The output should be exactly the lines from the one containing "Tricou Vero Moda Kids, roz Roz" through the last line of the records, and only those.

§ §

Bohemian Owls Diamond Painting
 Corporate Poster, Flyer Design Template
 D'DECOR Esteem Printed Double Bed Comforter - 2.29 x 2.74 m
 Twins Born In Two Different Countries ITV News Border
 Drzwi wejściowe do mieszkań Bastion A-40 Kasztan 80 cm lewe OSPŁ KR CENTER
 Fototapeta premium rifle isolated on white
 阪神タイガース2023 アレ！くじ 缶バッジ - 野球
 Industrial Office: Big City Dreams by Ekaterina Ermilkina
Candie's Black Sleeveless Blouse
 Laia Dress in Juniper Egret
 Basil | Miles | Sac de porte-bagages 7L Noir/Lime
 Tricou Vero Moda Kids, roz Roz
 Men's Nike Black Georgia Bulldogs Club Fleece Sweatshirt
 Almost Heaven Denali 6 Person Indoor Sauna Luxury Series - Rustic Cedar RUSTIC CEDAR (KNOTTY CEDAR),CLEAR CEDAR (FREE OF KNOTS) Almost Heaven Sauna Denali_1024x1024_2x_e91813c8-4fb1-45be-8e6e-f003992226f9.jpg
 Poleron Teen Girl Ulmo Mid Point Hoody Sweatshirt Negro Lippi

§ §

#### Task answer
 Tricou Vero Moda Kids, roz Roz
 Men's Nike Black Georgia Bulldogs Club Fleece Sweatshirt
 Almost Heaven Denali 6 Person Indoor Sauna Luxury Series - Rustic Cedar RUSTIC CEDAR (KNOTTY CEDAR),CLEAR CEDAR (FREE OF KNOTS) Almost Heaven Sauna Denali_1024x1024_2x_e91813c8-4fb1-45be-8e6e-f003992226f9.jpg
 Poleron Teen Girl Ulmo Mid Point Hoody Sweatshirt Negro Lippi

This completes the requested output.